Der libanesische Regisseur Rabih Mroué erklärt, warum eine Whatsapp-Steuer den Volksprotest in seinem Land auslösen konnte. Und wieso die Regierung nicht mit Gewalt reagiert. Bislang. Mit Rabih Mroué hat sich Till Briegleb unterhalten.

Von Till Briegleb

Seit Wochen protestieren im Libanon Millionen Menschen gegen die Regierung. Rabih Mroué, einer der bekanntesten Theatermacher und Künstler des Landes, beschäftigt sich seit zwanzig Jahren in seiner Arbeit mit den Traumata im Nahen Osten.
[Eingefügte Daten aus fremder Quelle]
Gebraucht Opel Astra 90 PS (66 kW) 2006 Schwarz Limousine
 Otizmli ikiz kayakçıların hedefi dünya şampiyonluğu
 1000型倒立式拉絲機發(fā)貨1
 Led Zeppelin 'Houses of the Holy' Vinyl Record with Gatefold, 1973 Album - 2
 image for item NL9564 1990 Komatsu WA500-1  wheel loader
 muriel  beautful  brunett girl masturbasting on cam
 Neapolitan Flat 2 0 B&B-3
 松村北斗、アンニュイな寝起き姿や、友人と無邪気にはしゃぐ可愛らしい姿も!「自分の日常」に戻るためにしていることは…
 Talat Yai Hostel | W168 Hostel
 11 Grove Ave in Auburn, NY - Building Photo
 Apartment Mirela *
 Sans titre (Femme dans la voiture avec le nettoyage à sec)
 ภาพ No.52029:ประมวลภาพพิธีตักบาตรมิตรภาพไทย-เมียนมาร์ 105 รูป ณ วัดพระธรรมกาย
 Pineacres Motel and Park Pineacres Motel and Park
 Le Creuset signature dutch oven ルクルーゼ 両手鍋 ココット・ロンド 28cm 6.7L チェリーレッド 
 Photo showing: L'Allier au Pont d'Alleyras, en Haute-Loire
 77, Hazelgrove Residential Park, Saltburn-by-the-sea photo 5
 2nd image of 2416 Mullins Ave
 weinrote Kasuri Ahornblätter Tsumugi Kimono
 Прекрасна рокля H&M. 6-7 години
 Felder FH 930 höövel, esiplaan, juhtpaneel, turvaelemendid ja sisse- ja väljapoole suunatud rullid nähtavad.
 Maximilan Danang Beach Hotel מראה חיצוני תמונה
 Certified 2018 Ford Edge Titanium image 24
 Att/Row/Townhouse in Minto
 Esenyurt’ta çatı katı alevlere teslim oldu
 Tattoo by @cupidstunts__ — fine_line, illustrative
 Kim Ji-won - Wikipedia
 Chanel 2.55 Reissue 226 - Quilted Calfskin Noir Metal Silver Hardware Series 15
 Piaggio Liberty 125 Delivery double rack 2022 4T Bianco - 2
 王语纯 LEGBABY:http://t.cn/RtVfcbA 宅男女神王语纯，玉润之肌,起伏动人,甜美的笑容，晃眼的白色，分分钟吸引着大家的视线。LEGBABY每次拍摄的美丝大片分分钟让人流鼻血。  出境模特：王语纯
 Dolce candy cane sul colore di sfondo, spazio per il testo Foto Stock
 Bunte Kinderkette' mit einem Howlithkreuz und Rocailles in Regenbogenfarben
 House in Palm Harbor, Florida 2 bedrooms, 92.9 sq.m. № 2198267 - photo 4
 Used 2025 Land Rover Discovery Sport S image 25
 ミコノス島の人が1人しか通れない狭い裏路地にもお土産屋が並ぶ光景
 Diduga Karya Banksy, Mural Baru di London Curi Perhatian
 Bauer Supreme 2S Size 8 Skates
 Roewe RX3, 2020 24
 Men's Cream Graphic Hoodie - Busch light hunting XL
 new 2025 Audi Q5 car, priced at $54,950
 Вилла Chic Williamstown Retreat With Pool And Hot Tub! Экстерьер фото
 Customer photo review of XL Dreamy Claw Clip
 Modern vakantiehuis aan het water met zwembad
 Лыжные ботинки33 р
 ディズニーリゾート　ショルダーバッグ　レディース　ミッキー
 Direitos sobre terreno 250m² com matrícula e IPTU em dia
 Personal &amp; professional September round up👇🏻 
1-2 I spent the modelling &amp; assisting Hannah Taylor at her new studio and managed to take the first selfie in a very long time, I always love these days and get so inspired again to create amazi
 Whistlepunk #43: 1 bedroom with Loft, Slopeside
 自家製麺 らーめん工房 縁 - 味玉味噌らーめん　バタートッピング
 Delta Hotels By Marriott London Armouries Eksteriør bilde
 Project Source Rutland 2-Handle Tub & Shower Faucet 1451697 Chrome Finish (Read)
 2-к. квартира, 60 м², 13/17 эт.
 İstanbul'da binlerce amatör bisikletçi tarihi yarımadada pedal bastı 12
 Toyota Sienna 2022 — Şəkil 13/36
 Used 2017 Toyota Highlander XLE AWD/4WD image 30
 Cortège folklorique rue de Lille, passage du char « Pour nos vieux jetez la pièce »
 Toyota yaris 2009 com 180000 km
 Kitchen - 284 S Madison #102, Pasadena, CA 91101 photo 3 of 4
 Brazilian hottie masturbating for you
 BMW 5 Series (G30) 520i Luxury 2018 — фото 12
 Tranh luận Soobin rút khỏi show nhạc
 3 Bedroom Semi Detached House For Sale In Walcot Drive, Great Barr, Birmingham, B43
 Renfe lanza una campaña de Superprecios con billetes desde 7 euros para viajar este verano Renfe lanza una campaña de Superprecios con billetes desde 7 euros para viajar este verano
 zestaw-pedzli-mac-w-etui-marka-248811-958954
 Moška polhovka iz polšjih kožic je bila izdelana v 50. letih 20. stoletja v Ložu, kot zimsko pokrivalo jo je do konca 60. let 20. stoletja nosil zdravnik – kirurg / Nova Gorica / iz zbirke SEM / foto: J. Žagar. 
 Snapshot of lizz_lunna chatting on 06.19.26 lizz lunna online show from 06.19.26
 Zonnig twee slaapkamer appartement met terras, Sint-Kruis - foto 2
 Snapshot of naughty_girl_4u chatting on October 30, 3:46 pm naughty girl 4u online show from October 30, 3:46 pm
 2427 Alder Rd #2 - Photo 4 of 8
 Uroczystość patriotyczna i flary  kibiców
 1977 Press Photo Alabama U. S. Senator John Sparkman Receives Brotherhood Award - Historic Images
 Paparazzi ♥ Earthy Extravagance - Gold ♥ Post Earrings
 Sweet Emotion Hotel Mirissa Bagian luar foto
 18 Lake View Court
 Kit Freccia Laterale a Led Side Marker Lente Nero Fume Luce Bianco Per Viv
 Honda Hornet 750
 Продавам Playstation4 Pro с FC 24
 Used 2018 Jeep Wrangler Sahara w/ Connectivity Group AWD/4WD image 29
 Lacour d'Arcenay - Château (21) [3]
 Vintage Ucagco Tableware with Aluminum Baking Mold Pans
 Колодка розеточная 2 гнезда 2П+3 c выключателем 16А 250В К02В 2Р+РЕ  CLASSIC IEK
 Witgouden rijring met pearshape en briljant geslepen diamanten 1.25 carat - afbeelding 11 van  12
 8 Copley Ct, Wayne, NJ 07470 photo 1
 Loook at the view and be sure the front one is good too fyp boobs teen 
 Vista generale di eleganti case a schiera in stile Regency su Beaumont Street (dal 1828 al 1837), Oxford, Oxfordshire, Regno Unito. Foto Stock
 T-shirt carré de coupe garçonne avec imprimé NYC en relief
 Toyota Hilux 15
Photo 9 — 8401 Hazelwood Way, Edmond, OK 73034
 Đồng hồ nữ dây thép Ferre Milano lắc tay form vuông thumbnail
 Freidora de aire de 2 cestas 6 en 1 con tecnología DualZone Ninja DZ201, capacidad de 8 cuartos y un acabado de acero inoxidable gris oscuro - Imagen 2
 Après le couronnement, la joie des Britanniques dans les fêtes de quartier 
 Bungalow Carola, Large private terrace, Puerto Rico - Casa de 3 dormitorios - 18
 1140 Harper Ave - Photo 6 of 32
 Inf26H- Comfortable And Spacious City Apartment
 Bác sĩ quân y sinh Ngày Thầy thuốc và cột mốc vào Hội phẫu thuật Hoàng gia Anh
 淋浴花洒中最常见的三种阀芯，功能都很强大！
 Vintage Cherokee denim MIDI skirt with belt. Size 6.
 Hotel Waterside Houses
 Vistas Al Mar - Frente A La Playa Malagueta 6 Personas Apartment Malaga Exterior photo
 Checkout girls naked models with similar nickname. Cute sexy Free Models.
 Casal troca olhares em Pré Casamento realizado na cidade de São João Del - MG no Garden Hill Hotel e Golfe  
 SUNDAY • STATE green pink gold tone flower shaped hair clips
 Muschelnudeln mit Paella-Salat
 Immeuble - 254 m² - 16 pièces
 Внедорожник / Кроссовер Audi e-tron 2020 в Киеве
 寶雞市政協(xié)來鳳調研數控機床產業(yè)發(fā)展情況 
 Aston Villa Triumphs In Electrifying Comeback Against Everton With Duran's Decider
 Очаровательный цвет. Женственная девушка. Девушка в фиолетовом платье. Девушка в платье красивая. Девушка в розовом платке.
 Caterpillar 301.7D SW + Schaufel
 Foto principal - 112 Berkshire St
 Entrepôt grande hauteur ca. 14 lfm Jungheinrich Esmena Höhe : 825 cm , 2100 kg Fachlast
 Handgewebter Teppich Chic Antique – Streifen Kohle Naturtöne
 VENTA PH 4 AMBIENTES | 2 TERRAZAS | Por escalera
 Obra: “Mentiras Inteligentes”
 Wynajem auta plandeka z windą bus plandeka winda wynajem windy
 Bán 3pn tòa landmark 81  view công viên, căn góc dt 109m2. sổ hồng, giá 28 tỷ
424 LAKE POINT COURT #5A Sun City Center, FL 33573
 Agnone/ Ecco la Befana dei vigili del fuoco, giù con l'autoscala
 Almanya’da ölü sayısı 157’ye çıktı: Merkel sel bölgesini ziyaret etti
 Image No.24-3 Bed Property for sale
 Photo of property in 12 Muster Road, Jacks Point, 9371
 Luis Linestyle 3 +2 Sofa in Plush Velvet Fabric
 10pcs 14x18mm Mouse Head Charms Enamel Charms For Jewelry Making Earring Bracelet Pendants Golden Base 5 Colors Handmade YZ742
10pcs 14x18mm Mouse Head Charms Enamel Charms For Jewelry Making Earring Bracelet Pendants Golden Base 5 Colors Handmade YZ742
Seine Theaterarbeiten verbinden Schauspiel, Video und zuletzt auch Tanz, um historische Vorgänge rund um Krieg und Gewalt zu rekonstruieren. Mroué hat an den Münchner Kammerspielen gearbeitet. Seine Installationen und Videoarbeiten wurden auf der Documenta 12 oder im Centre Pompidou gezeigt. Anlässlich der Premiere seines neuen Stücks "You should have seen me dancing waltz" auf Kampnagel in Hamburg analysiert Mroué die Lage in seiner Heimat.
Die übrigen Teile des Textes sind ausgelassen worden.